Fugas - Viagens

Luís Maio

Kutná Hora - A Praga que não chegou a sê-lo

Por Luís Maio

Rivalizou com a capital checa até se lhe acabar a prata. Agora é um esplêndido museu a céu aberto com uma capela do bizarro por anexo. A Fugas sugere que vale mais que a excursão de um dia fora de Praga

Praga é daquelas cidades que criam vício. Mas, quando se ganha o hábito de frequentar a capital checa, é natural que se comece a olhar em volta. Ora, não é preciso muito para se descobrir que ali quase ao lado há outra Praga, que ficou pelo caminho. Ou melhor, uma cidade que se desenvolveu em paralelo, que em certa época até chegou a rivalizar em protagonismo e monumentalidade com a actual capital da República Checa. No entanto, por razões históricas, sobretudo vicissitudes de ordem económica, acabou por não lhe acompanhar o andamento.

Esta Praga que não chegou a sê-lo chama-se Kutná Hora e fica no coração da Boémia Central, a apenas 65 quilómetros da capital. A planta do centro urbano, irregular e labiríntica, aparentemente sem ordem alguma, é uma das peculiaridades que primeiro saltam à vista. Acaba por fazer sentido quando se atende às causas do seu desenvolvimento na Idade Média, quando se começaram a explorar os ricos filões de prata, descobertos nas colinas circundantes, mas também naquela mesma em que assenta a cidade. Kutná Hora foi crescendo condicionada pela própria causa do seu crescimento, ou melhor, nos espaços livres deixados pela abertura de minas diz-se, aliás, que a prata era tão abundante que até se podia extrair nos sótãos das casas.

Anel de fantasia

Mas, para começar, a que se deveu esta "febre da prata"? Rebobinando: várias unidades monetárias conviveram durante séculos de indecisão na Europa Central, até a moeda de prata ser finalmente adoptada como corrente. Dada a riqueza dos jazigos de Kutná Hora, Venceslau II promoveu a cidade boémia a fábrica da moeda em 1308 e, um século depois, Venceslau IV foi mais longe e elegeu-a como residência real. Depois vieram as Descobertas, que trouxeram a concorrência da prata mais barata do Novo Mundo, ao passo que as minas checas caminharam para o natural esgotamento. Kutná Hora foi assim embalando numa plácida letargia de que não voltaria realmente a despertar. Tanto que se aponta o antigo Colégio Jesuíta, inaugurado em 1670, como a única adição de relevo introduzida no centro urbano nos últimos quatrocentos anos.

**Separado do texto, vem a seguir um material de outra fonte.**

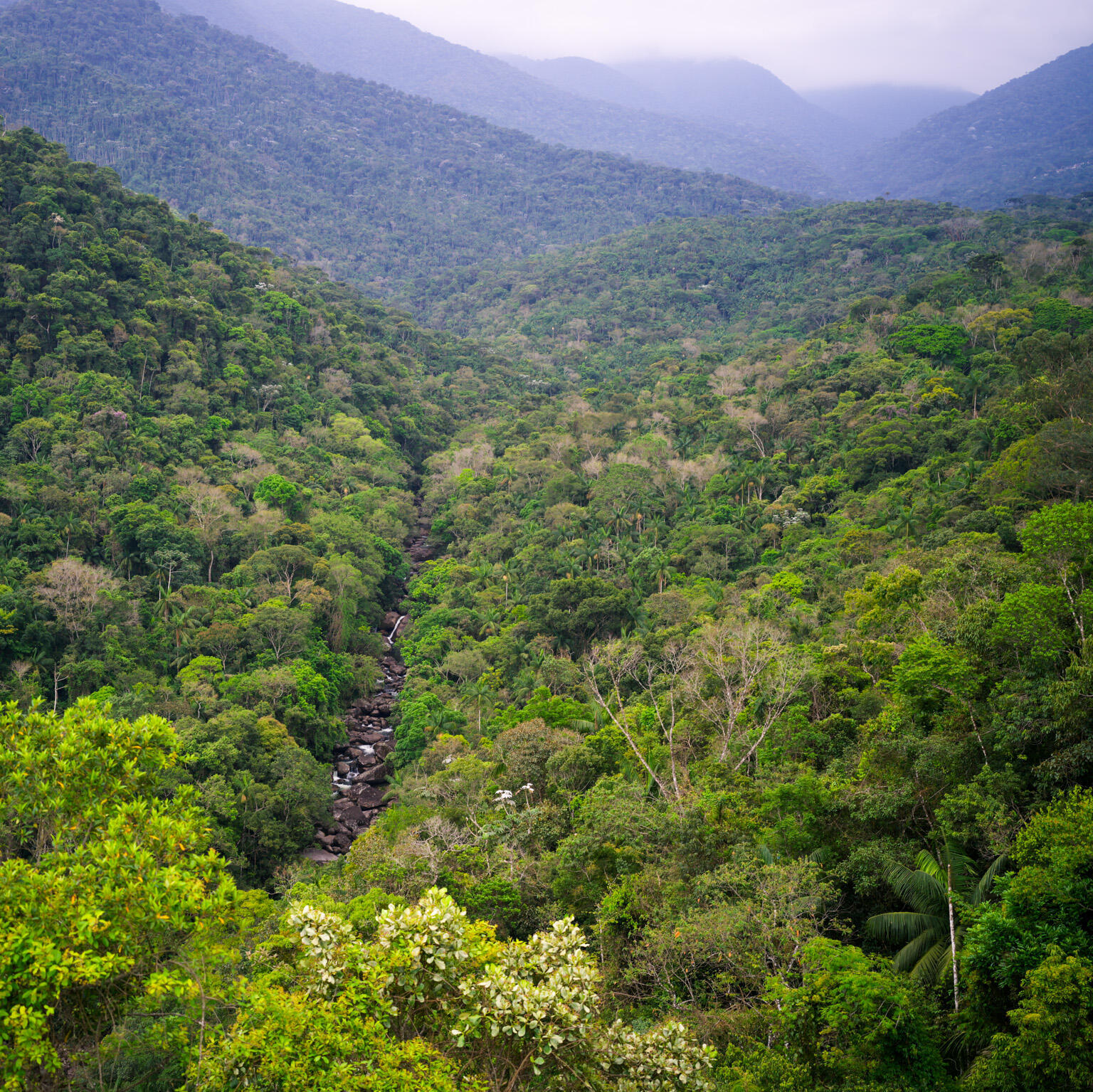 Blick auf ein Flußtal im Itatiaia Nationalpark in Brasilien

O reverso da medalha dessa dormência é o notável conjunto de edifícios góticos, renascentistas e barrocos que ainda hoje constelam o seu perímetro histórico. Foram classificados como património da UNESCO em 1996, promoção que teve o condão de subtrair a cidade ao ostracismo, mas não o suficiente para a fazer entrar na roda do turismo de massas. Com menos de 20 mil habitantes e poucos visitantes, Kutná Hora é a quintessência da antiga glória urbana museificada, ou da cidade monumental de província onde tudo ou quase está como estava na sua idade de ouro -que neste caso foi de prata. Já se sabe que Praga tem mais atractivos e joga noutro campeonato, mas esse tipo de nostalgia, que induz o visitante numa espécie de sonho medieval, é a mais-valia de encanto que oferece Kutná Hora.

O anel de fantasia é, no entanto, exíguo e compacto. Tudo o que há para ver na cidade boémia encontra-se num núcleo que em linha recta não terá mais de 500 metros de comprimento. Na ponta sudoeste fica a Catedral de Santa Bárbara, o edifício mais emblemático da cidade, mandado construir em 1388 pela corporação dos mineiros em honra da sua padroeira. O templo impressiona pela escala, elegância e pela forma de tenda do seu telhado. É uma peça de arquitectura grandiosa, mas também não é preciso ser especialista para perceber que não prima pela originalidade, oferecendo-se como uma declinação local e tardia do gótico francês. Tão ou mais interessantes são os interiores, onde se conjugam frescos medievais e vitrais Arte Nova.